La pub aides à consommer et reduire la crisis, à rever d’être riche et à vouler travailler.
Aussi il y a de pub que m’aide a vouler apprendre français. Chaques jour il y a plus et plus français dans le pub espagnole, et je veux savoir que signifie.
La publicité facilite aux entreprises , commerces, etc, l’entrée de leurs produits et à mon avis doit être respecté. Son but est d’obtenir à l’utilisateur final et de lui créer la nécessité, mais c’est l’utilisateur final qui doit déterminer le poids qu’il donne à la publicité. Tout dépend de la nature de l’utilisateur final.
Deux prénoms qui commencent par la même lettre, i*, et qui défendent une même *idée i*dentique: le respect et l’utilité de la publicité.

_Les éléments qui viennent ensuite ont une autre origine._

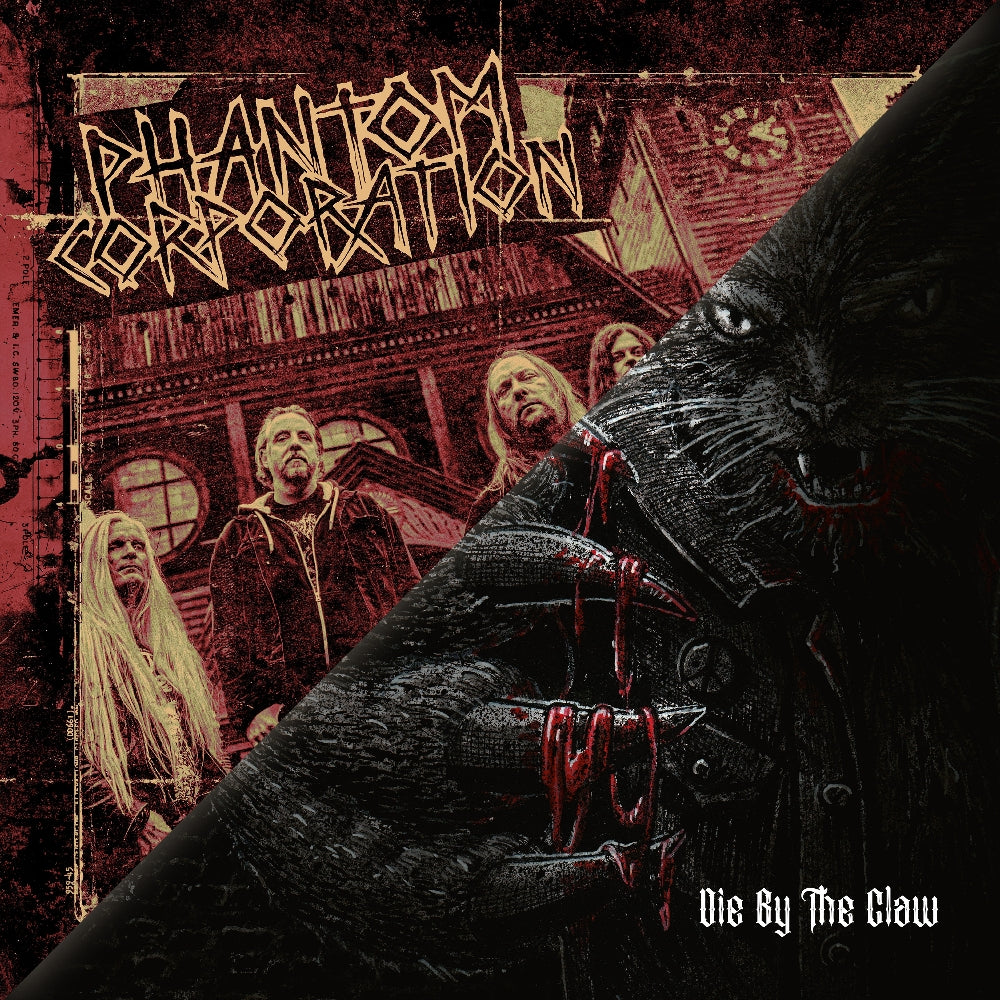 Phantom Corporation - Catbreath - Commando / Die By The Claw - LP - Supreme Chaos Records - Image 2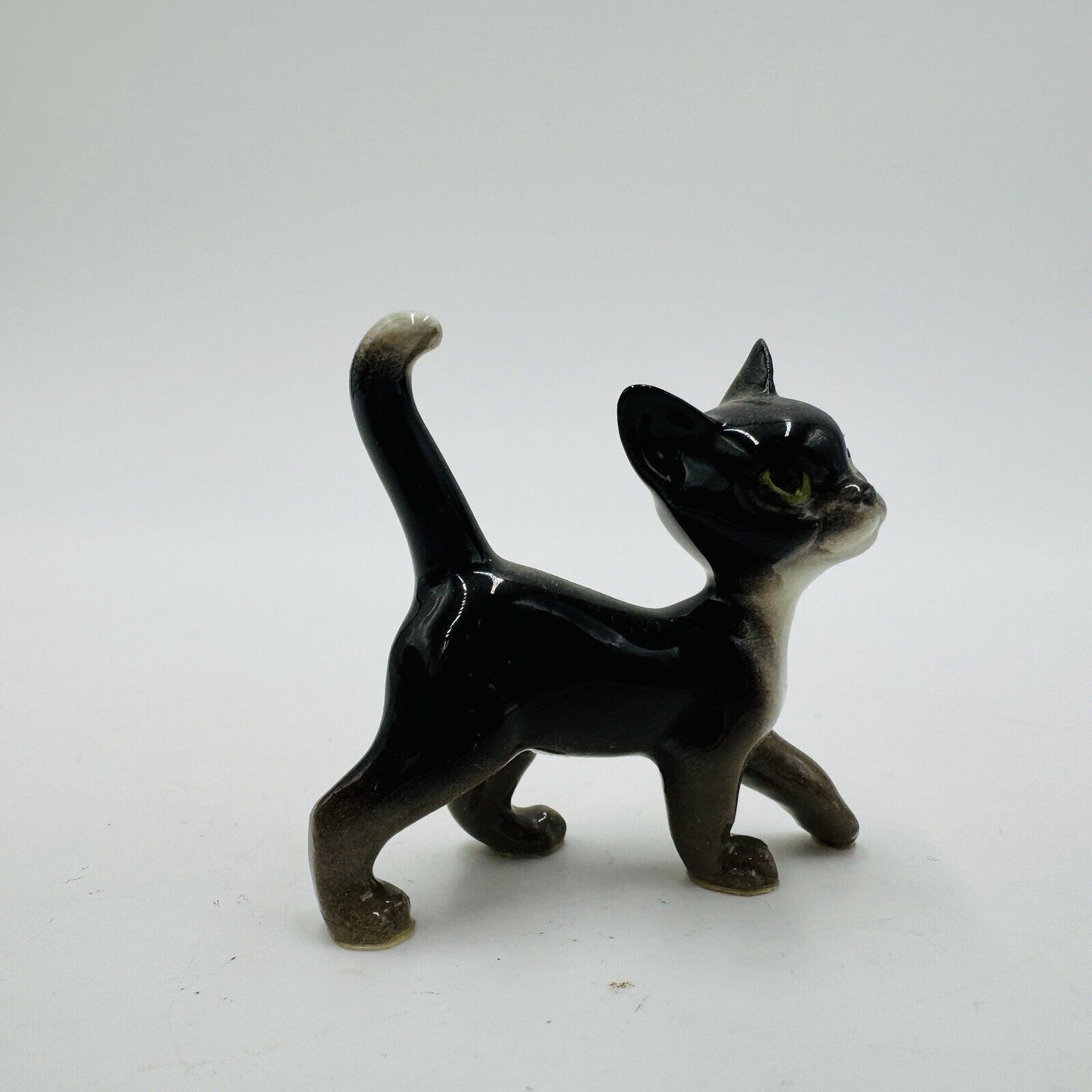 Hagen-Renaker Black Papa Cat Walking Miniature Ceramic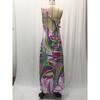 Women's Summer Printed Lace Up Split Backless Holiday Long Dresses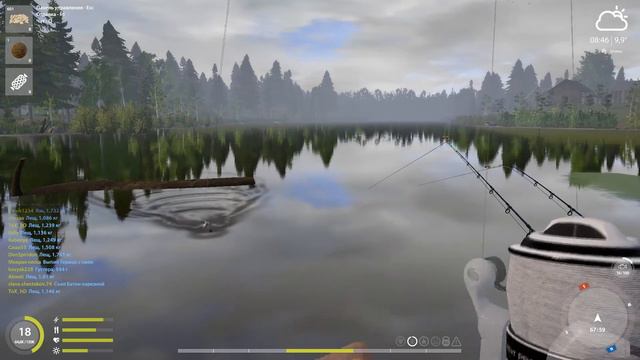 Русская Рыбалка 4 /Клевые Места/ Старый Острог, Трофейный лещ  и густера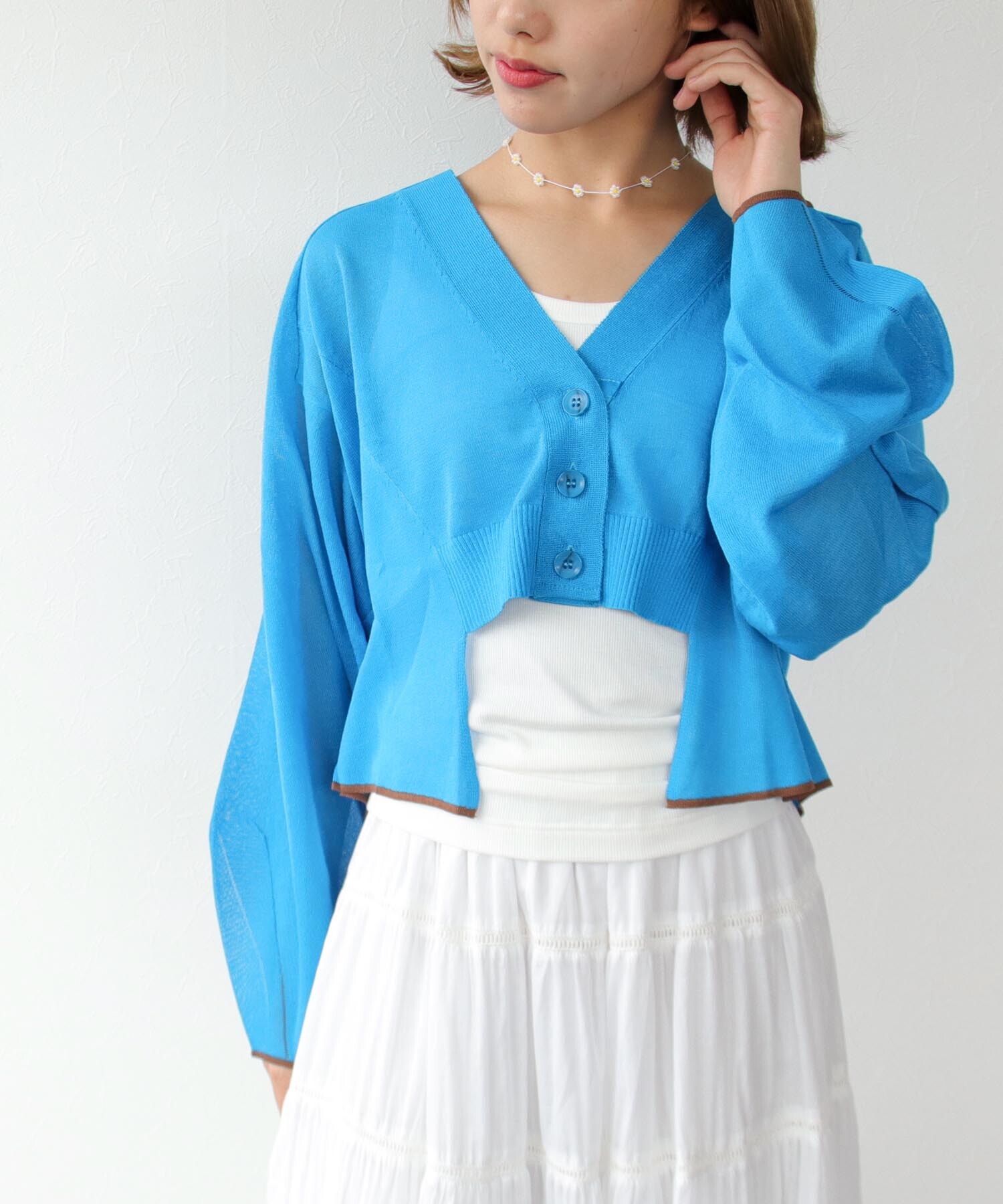 ペプラムカーディガン｜スリーフォータイム｜ショップニュース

Bien sûr que nous devons respecter la publicité et ce respect existe vue de la tour d’un adulte, mais vue de la hauteur d’un enfant, d’un adolescent la publicité a tendance a *déformer, à idéaliser ce qui est possible de ce qui est impossible à avoir …
Rêver dans une époque de crise, est-ce la roue de secours pour échapper à la grisaille sociale ? Oui, si on ne s’endort pas trop, autrement dit, il ne faut pas dormir trop longtemps !
Demain, un autre article créatif … Oui, mais sur un autre plan !
Merci pour vos commentaires, les “I” !!